● **TASK DESCRIPTION**
All of the entries below are to be retyped exactly.

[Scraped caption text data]
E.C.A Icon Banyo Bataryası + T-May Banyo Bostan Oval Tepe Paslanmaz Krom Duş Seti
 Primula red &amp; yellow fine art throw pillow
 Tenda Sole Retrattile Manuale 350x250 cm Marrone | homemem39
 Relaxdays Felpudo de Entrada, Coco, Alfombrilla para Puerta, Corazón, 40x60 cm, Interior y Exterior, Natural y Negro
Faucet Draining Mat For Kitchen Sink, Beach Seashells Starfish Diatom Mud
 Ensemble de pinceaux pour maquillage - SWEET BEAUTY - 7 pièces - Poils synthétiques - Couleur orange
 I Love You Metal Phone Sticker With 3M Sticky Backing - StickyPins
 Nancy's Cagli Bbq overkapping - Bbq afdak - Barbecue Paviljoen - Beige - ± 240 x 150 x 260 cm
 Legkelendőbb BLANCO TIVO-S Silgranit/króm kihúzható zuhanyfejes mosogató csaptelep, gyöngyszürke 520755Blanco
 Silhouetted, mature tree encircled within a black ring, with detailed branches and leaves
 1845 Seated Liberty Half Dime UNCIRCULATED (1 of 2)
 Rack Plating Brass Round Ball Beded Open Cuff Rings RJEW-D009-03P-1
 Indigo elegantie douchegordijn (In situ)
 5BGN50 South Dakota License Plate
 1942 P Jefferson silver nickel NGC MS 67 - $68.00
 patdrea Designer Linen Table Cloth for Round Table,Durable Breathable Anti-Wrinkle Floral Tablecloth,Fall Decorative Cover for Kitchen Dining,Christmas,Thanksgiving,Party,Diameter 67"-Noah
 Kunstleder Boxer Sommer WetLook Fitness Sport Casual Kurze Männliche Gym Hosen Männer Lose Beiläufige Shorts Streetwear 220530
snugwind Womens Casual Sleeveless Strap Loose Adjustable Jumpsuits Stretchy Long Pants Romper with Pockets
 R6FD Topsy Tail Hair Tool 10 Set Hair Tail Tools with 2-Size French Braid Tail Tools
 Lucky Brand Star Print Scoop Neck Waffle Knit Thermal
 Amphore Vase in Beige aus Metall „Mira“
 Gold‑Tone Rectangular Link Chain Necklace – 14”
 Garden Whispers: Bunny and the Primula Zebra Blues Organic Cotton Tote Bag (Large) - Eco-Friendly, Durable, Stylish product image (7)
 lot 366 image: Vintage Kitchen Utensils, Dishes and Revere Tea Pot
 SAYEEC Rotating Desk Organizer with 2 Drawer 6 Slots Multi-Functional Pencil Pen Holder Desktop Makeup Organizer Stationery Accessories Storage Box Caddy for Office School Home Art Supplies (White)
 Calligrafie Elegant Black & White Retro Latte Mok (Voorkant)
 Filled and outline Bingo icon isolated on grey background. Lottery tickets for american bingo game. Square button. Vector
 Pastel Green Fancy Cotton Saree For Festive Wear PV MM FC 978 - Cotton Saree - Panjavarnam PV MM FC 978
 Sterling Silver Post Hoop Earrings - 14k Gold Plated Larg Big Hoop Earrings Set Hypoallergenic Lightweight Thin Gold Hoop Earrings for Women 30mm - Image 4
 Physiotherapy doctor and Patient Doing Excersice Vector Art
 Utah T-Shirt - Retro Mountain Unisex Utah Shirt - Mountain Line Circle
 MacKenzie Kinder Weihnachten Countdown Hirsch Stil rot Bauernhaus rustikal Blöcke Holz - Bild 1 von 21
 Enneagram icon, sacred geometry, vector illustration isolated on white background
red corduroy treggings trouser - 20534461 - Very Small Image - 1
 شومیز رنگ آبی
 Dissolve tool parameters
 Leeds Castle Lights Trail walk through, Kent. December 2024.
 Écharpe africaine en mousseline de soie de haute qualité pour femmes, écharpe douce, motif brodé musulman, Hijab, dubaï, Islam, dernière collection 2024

● **ANSWER**
E.C.A Icon Banyo Bataryası + T-May Banyo Bostan Oval Tepe Paslanmaz Krom Duş Seti
 Primula red &amp; yellow fine art throw pillow
 Tenda Sole Retrattile Manuale 350x250 cm Marrone | homemem39
 Relaxdays Felpudo de Entrada, Coco, Alfombrilla para Puerta, Corazón, 40x60 cm, Interior y Exterior, Natural y Negro
Faucet Draining Mat For Kitchen Sink, Beach Seashells Starfish Diatom Mud
 Ensemble de pinceaux pour maquillage - SWEET BEAUTY - 7 pièces - Poils synthétiques - Couleur orange
 I Love You Metal Phone Sticker With 3M Sticky Backing - StickyPins
 Nancy's Cagli Bbq overkapping - Bbq afdak - Barbecue Paviljoen - Beige - ± 240 x 150 x 260 cm
 Legkelendőbb BLANCO TIVO-S Silgranit/króm kihúzható zuhanyfejes mosogató csaptelep, gyöngyszürke 520755Blanco
 Silhouetted, mature tree encircled within a black ring, with detailed branches and leaves
 1845 Seated Liberty Half Dime UNCIRCULATED (1 of 2)
 Rack Plating Brass Round Ball Beded Open Cuff Rings RJEW-D009-03P-1
 Indigo elegantie douchegordijn (In situ)
 5BGN50 South Dakota License Plate
 1942 P Jefferson silver nickel NGC MS 67 - $68.00
 patdrea Designer Linen Table Cloth for Round Table,Durable Breathable Anti-Wrinkle Floral Tablecloth,Fall Decorative Cover for Kitchen Dining,Christmas,Thanksgiving,Party,Diameter 67"-Noah
 Kunstleder Boxer Sommer WetLook Fitness Sport Casual Kurze Männliche Gym Hosen Männer Lose Beiläufige Shorts Streetwear 220530
snugwind Womens Casual Sleeveless Strap Loose Adjustable Jumpsuits Stretchy Long Pants Romper with Pockets
 R6FD Topsy Tail Hair Tool 10 Set Hair Tail Tools with 2-Size French Braid Tail Tools
 Lucky Brand Star Print Scoop Neck Waffle Knit Thermal
 Amphore Vase in Beige aus Metall „Mira“
 Gold‑Tone Rectangular Link Chain Necklace – 14”
 Garden Whispers: Bunny and the Primula Zebra Blues Organic Cotton Tote Bag (Large) - Eco-Friendly, Durable, Stylish product image (7)
 lot 366 image: Vintage Kitchen Utensils, Dishes and Revere Tea Pot
 SAYEEC Rotating Desk Organizer with 2 Drawer 6 Slots Multi-Functional Pencil Pen Holder Desktop Makeup Organizer Stationery Accessories Storage Box Caddy for Office School Home Art Supplies (White)
 Calligrafie Elegant Black & White Retro Latte Mok (Voorkant)
 Filled and outline Bingo icon isolated on grey background. Lottery tickets for american bingo game. Square button. Vector
 Pastel Green Fancy Cotton Saree For Festive Wear PV MM FC 978 - Cotton Saree - Panjavarnam PV MM FC 978
 Sterling Silver Post Hoop Earrings - 14k Gold Plated Larg Big Hoop Earrings Set Hypoallergenic Lightweight Thin Gold Hoop Earrings for Women 30mm - Image 4
 Physiotherapy doctor and Patient Doing Excersice Vector Art
 Utah T-Shirt - Retro Mountain Unisex Utah Shirt - Mountain Line Circle
 MacKenzie Kinder Weihnachten Countdown Hirsch Stil rot Bauernhaus rustikal Blöcke Holz - Bild 1 von 21
 Enneagram icon, sacred geometry, vector illustration isolated on white background
red corduroy treggings trouser - 20534461 - Very Small Image - 1
 شومیز رنگ آبی
 Dissolve tool parameters
 Leeds Castle Lights Trail walk through, Kent. December 2024.
 Écharpe africaine en mousseline de soie de haute qualité pour femmes, écharpe douce, motif brodé musulman, Hijab, dubaï, Islam, dernière collection 2024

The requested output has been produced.